According to a paper by eminent mathematician and LAPACK contributor I.S. Dhillon, spectral clustering problems can be transformed to what are called kernel k-means problems. This can reduce the computation by a factor of 1000. They have implemented the algorithm in a free software release at the University of Texas website. I haven't tried it yet but it looks like the real thing. Certainly the overhead of a SYSTEM() call is nothing compared to a large eigenvector computation.

Upvotes: 1

doug
doug

Reputation: 70038

The linalg module from scipy.sparse has three functions which you often help in situations like this (even if your matrix is not sparse). In sum, the solution techniques that power these functions are better suited for computation with much larger matrices (i.e., these functions wrap different underlying fortran routines, ARPACK, SEEUPD, among them.)

Here's another reason to look at the analogous functions in scipy.sparse. A substantial amount of computational effort is spared if the algoritm isn't forced to look for all eigenvectors/eigenvalues (which you almost never need, and certainly don't need for your particular use). The eigenvalue functions in scipy.sparse.linalg give you explicit control over this. In particular, the eigs function in scipy.sparse.linalg accepts a parameter "k" which is the number of of eigenvalues/eigenvalues you want.

Upvotes: 2

Joe Kington
Joe Kington

Reputation: 284602

One quick and easy optimzation is to use np.linalg.eigh. (And np.linalg.eigvalsh if you just want the eigenvalues.)
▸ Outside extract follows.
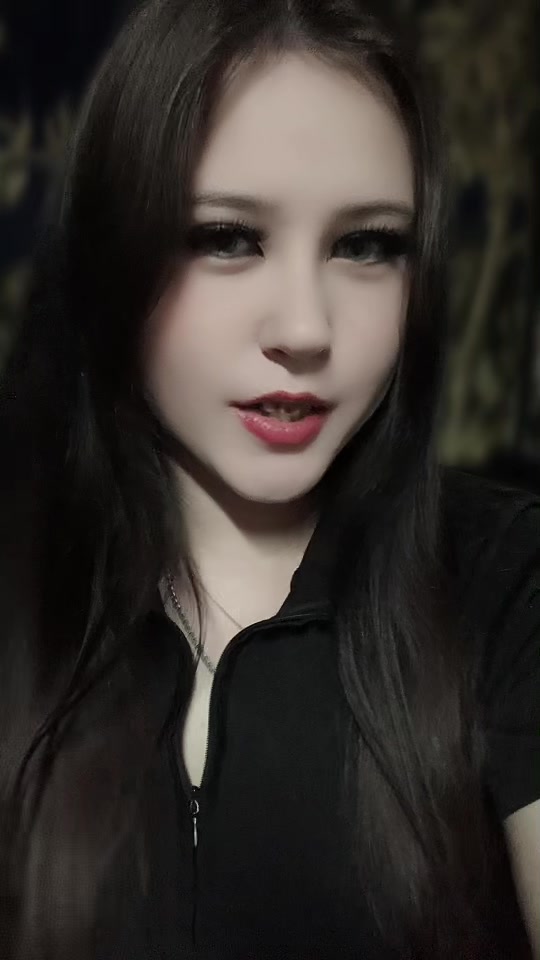 @𝚅♡𝚒♡𝚔♡𝚊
Because you have a symmetric matrix (assuming you take the absolute value), you can "tell" numpy to use a more efficient algorithm this way.

import numpy as np
x = np.random.random(1000)
A = np.subtract.outer(x, x)
A = np.abs(A)
w, v = np.linalg.eigh(A)

Comparing timings, eigh takes ~5.3 seconds while eig takes ~23.4 seconds.

The performance of np.linalg.eig, etc is going to be strongly dependent on which libraries numpy is linked to. Using a heavily optimized blas library (e.g. ATLAS or Intel's MKL) can have a very dramatic difference, especially in this case.

Also, depending on how numpy is built, (e.g. whether or not a fortran compiler was availabe) scipy.linalg.eigh etc may be faster. There's also a chance that scipy and numpy may be linked against different blas libraries, though this is rather unlikely.

Upvotes: 4

eat
eat

Reputation: 7530

First of all, based on how you constructed your matrix A. It will be an anti-symmetric (aka skew-symmetric) matrix, and it's rank will be (very likely) 2.

Perhaps you should take only the eigenvectors corresponding to the two largest eigenvalues. However it's likely that the eigenvalues are complex.

Anyway it might be that working with svd(singular value decomposition) will actually be more straightforward one.

Please feel free to elaborate more on what you are aiming for.